I get on the tube with K and head towards town, and we say our goodbyes at Finsbury Park station. I get off at Holborn and walk up New Oxford Street towards Tottenham Court Road - the central London Mecca of technology shops. Having forgotten how hideous central can be on a Saturday afternoon I bundle my way through the crowds with gritted teeth and am eventually relieved to find myself safely inside one of the shops, chatting to an eager salesman. It's been a long time since I was 'sold to' - and this guy even brings out the classic "I use this machine myself" line on me - so I enjoy playing up my umms and ahhs in order to squeeze a free case out of him (having decided to go for the Samsung model he'd shown me some minutes before).
I walk out of the shop several pounds lighter (sadly not in weight) and walk down to Fopp, before dawdling generally through Soho towards the other end of Oxford Street. I have a little money left over from my netbook budget so I had planned to get a little present for K; and I fought my way through my least favourite part of Oxford Street to get to John Lewis. I can vaguely picture the bottle of a brand of perfume I know she likes - so I wander through the stinky fragrance section hoping that it will jump out at me at some point. Amazingly it actually does, and I'm relieved to head home with a new toy, a decent present and having survived Saturday shopping in the West End.
At home I get right on setting the computer up and installing the necessary evil of Windows on it, before heading out to meet Mike. Today, Mike and I are the only people either of us know not to have gone to Sonisphere, so we find ourselves in the odd situation of a one-on-one pub session. Luckily we usually have plenty to talk about, so I walk up through Crouch End towards The King's Head - and am startled to find myself ordering a pint of Old Rosie. The King's Head is one of the only pubs nearby that serves this vicious, demanding wench of a cider, so it seems the right thing to do to partake of at least one. Mike arrives shortly after, and feels similarly compelled - perhaps knowing that when someone else is drinking this 7.8% sui-cider and you're not, you're basically a pint and a half behind them all night.
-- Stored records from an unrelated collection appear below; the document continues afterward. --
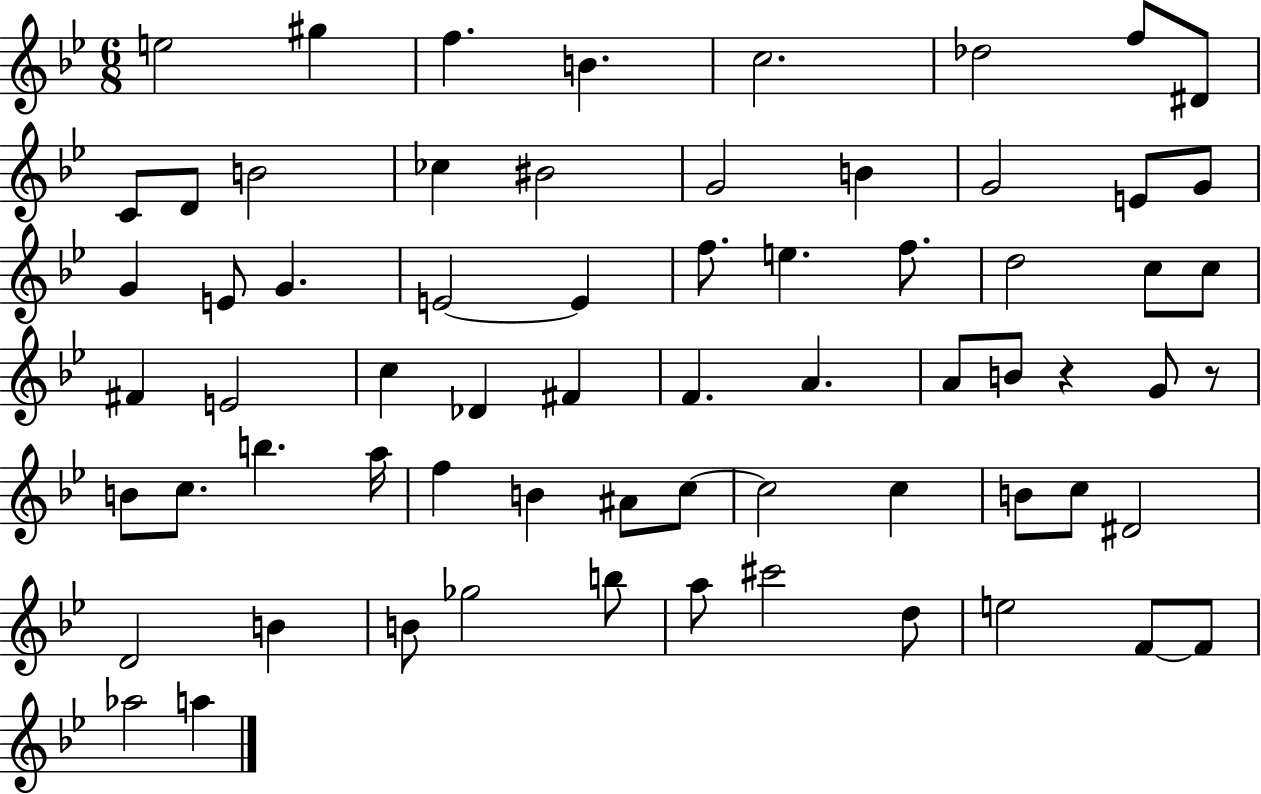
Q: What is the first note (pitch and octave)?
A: E5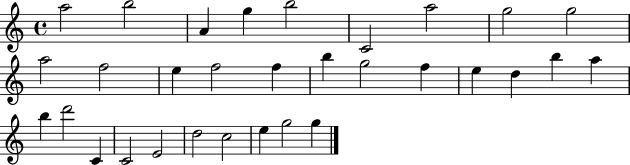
{
  \clef treble
  \time 4/4
  \defaultTimeSignature
  \key c \major
  a''2 b''2 | a'4 g''4 b''2 | c'2 a''2 | g''2 g''2 | \break a''2 f''2 | e''4 f''2 f''4 | b''4 g''2 f''4 | e''4 d''4 b''4 a''4 | \break b''4 d'''2 c'4 | c'2 e'2 | d''2 c''2 | e''4 g''2 g''4 | \break \bar "|."
}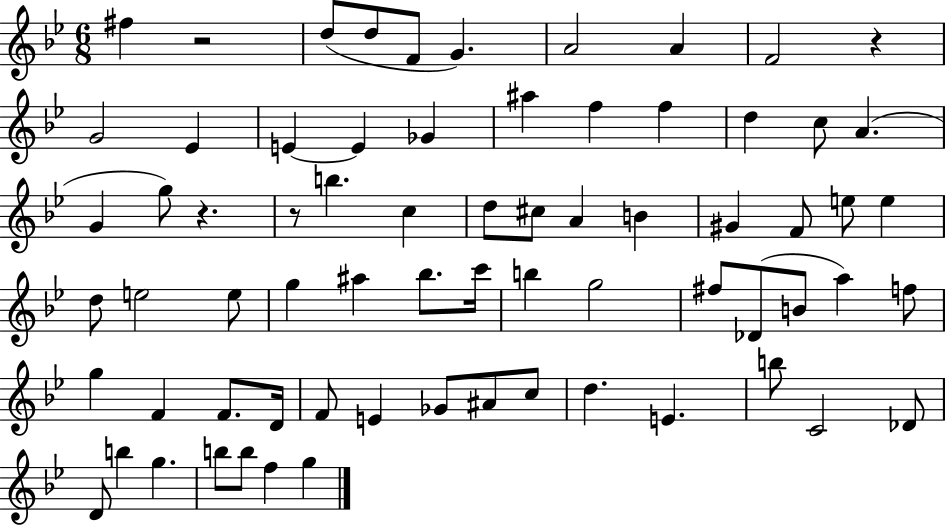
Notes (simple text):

F#5/q R/h D5/e D5/e F4/e G4/q. A4/h A4/q F4/h R/q G4/h Eb4/q E4/q E4/q Gb4/q A#5/q F5/q F5/q D5/q C5/e A4/q. G4/q G5/e R/q. R/e B5/q. C5/q D5/e C#5/e A4/q B4/q G#4/q F4/e E5/e E5/q D5/e E5/h E5/e G5/q A#5/q Bb5/e. C6/s B5/q G5/h F#5/e Db4/e B4/e A5/q F5/e G5/q F4/q F4/e. D4/s F4/e E4/q Gb4/e A#4/e C5/e D5/q. E4/q. B5/e C4/h Db4/e D4/e B5/q G5/q. B5/e B5/e F5/q G5/q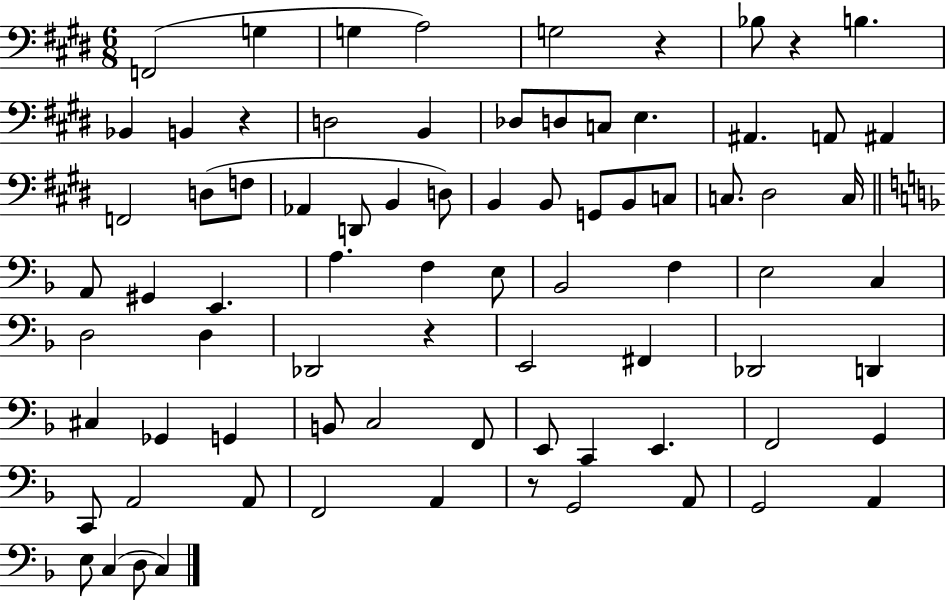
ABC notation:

X:1
T:Untitled
M:6/8
L:1/4
K:E
F,,2 G, G, A,2 G,2 z _B,/2 z B, _B,, B,, z D,2 B,, _D,/2 D,/2 C,/2 E, ^A,, A,,/2 ^A,, F,,2 D,/2 F,/2 _A,, D,,/2 B,, D,/2 B,, B,,/2 G,,/2 B,,/2 C,/2 C,/2 ^D,2 C,/4 A,,/2 ^G,, E,, A, F, E,/2 _B,,2 F, E,2 C, D,2 D, _D,,2 z E,,2 ^F,, _D,,2 D,, ^C, _G,, G,, B,,/2 C,2 F,,/2 E,,/2 C,, E,, F,,2 G,, C,,/2 A,,2 A,,/2 F,,2 A,, z/2 G,,2 A,,/2 G,,2 A,, E,/2 C, D,/2 C,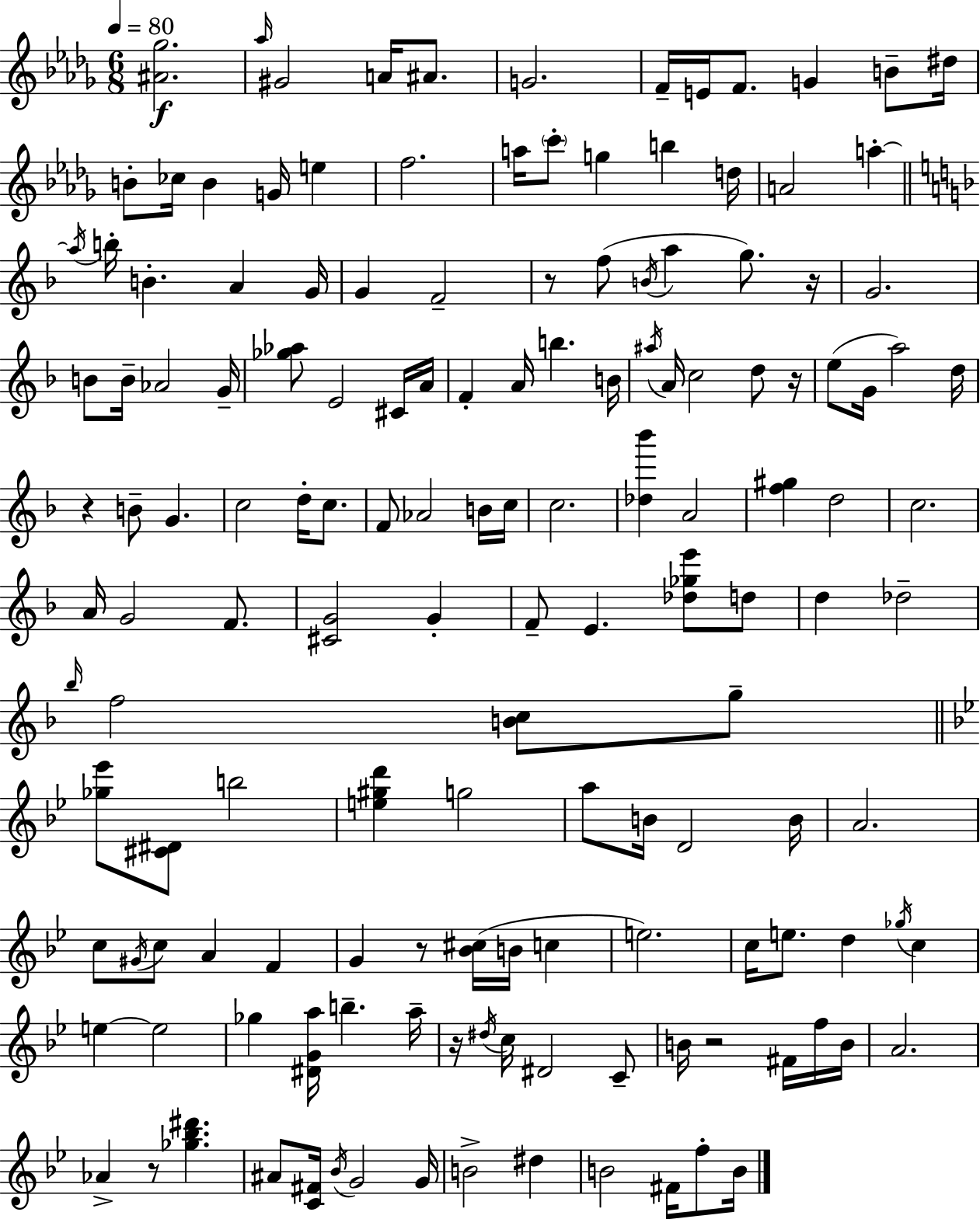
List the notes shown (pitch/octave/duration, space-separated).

[A#4,Gb5]/h. Ab5/s G#4/h A4/s A#4/e. G4/h. F4/s E4/s F4/e. G4/q B4/e D#5/s B4/e CES5/s B4/q G4/s E5/q F5/h. A5/s C6/e G5/q B5/q D5/s A4/h A5/q A5/s B5/s B4/q. A4/q G4/s G4/q F4/h R/e F5/e B4/s A5/q G5/e. R/s G4/h. B4/e B4/s Ab4/h G4/s [Gb5,Ab5]/e E4/h C#4/s A4/s F4/q A4/s B5/q. B4/s A#5/s A4/s C5/h D5/e R/s E5/e G4/s A5/h D5/s R/q B4/e G4/q. C5/h D5/s C5/e. F4/e Ab4/h B4/s C5/s C5/h. [Db5,Bb6]/q A4/h [F5,G#5]/q D5/h C5/h. A4/s G4/h F4/e. [C#4,G4]/h G4/q F4/e E4/q. [Db5,Gb5,E6]/e D5/e D5/q Db5/h Bb5/s F5/h [B4,C5]/e G5/e [Gb5,Eb6]/e [C#4,D#4]/e B5/h [E5,G#5,D6]/q G5/h A5/e B4/s D4/h B4/s A4/h. C5/e G#4/s C5/e A4/q F4/q G4/q R/e [Bb4,C#5]/s B4/s C5/q E5/h. C5/s E5/e. D5/q Gb5/s C5/q E5/q E5/h Gb5/q [D#4,G4,A5]/s B5/q. A5/s R/s D#5/s C5/s D#4/h C4/e B4/s R/h F#4/s F5/s B4/s A4/h. Ab4/q R/e [Gb5,Bb5,D#6]/q. A#4/e [C4,F#4]/s Bb4/s G4/h G4/s B4/h D#5/q B4/h F#4/s F5/e B4/s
We chat about various things from comedy to religion to girls and whatnot - and find ourselves a horrifiyng five pints of Old Rosie to the wind at some upsettingly early hour. Feeling in need of a change of pace, I suggest we cross the road to the Harringay Arms, where we are inexplicably joined by a group of middle-aged women out celebrating a birthday. I pop outside for a cigarette with a pint of Kronenbourg and return to find that Mike has "run home" (their words). Unperturbed by my apparent abandonment, I finish my pint before walking home listening to Radiohead's In Rainbows very loud in my headphones.
After grabbing a laughably unnecessary further can of beer from the shop on my street corner I arrive home - and promptly pass out on the sofa. Like a dick.